▸ Goal of the exercise: Return only the line that contains "Volvo XC40 Momentum" and each line after it, through the last line of the data below, copied exactly.
Data provided below:
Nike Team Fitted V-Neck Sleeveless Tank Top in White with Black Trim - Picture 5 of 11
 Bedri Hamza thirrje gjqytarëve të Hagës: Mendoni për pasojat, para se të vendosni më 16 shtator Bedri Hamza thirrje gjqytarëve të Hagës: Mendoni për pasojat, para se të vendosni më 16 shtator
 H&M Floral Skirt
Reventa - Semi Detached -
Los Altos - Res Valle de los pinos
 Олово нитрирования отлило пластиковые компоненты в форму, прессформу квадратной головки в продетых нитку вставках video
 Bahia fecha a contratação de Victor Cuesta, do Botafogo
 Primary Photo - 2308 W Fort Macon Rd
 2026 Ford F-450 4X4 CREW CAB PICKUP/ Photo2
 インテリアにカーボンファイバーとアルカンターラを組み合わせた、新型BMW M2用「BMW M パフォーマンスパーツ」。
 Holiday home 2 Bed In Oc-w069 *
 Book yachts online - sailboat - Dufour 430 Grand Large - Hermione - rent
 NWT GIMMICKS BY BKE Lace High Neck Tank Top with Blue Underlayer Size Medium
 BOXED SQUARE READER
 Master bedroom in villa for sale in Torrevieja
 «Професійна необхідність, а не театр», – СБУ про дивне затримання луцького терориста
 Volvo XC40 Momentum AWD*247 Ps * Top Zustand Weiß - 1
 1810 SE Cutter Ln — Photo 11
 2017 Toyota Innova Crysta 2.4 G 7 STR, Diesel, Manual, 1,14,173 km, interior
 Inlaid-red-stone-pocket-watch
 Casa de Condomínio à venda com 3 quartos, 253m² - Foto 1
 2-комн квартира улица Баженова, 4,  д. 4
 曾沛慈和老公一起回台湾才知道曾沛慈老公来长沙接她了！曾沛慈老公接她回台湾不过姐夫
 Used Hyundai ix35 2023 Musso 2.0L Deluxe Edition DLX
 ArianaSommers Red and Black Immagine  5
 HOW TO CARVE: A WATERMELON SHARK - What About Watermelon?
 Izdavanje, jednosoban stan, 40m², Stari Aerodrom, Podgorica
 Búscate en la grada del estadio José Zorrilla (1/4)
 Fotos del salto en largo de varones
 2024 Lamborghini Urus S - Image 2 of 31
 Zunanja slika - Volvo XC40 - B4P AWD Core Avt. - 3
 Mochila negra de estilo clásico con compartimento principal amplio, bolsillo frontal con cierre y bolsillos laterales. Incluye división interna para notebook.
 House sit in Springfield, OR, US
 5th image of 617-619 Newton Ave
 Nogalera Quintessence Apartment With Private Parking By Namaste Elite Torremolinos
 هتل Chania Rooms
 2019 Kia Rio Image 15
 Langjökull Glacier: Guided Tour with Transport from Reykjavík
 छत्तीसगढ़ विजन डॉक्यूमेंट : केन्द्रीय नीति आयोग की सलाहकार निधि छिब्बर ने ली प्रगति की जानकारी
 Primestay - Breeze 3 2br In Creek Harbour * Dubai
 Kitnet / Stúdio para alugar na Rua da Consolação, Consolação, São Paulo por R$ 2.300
End of Data provided.
▸ Solution to the exercise:
 Volvo XC40 Momentum AWD*247 Ps * Top Zustand Weiß - 1
 1810 SE Cutter Ln — Photo 11
 2017 Toyota Innova Crysta 2.4 G 7 STR, Diesel, Manual, 1,14,173 km, interior
 Inlaid-red-stone-pocket-watch
 Casa de Condomínio à venda com 3 quartos, 253m² - Foto 1
 2-комн квартира улица Баженова, 4,  д. 4
 曾沛慈和老公一起回台湾才知道曾沛慈老公来长沙接她了！曾沛慈老公接她回台湾不过姐夫
 Used Hyundai ix35 2023 Musso 2.0L Deluxe Edition DLX
 ArianaSommers Red and Black Immagine  5
 HOW TO CARVE: A WATERMELON SHARK - What About Watermelon?
 Izdavanje, jednosoban stan, 40m², Stari Aerodrom, Podgorica
 Búscate en la grada del estadio José Zorrilla (1/4)
 Fotos del salto en largo de varones
 2024 Lamborghini Urus S - Image 2 of 31
 Zunanja slika - Volvo XC40 - B4P AWD Core Avt. - 3
 Mochila negra de estilo clásico con compartimento principal amplio, bolsillo frontal con cierre y bolsillos laterales. Incluye división interna para notebook.
 House sit in Springfield, OR, US
 5th image of 617-619 Newton Ave
 Nogalera Quintessence Apartment With Private Parking By Namaste Elite Torremolinos
 هتل Chania Rooms
 2019 Kia Rio Image 15
 Langjökull Glacier: Guided Tour with Transport from Reykjavík
 छत्तीसगढ़ विजन डॉक्यूमेंट : केन्द्रीय नीति आयोग की सलाहकार निधि छिब्बर ने ली प्रगति की जानकारी
 Primestay - Breeze 3 2br In Creek Harbour * Dubai
 Kitnet / Stúdio para alugar na Rua da Consolação, Consolação, São Paulo por R$ 2.300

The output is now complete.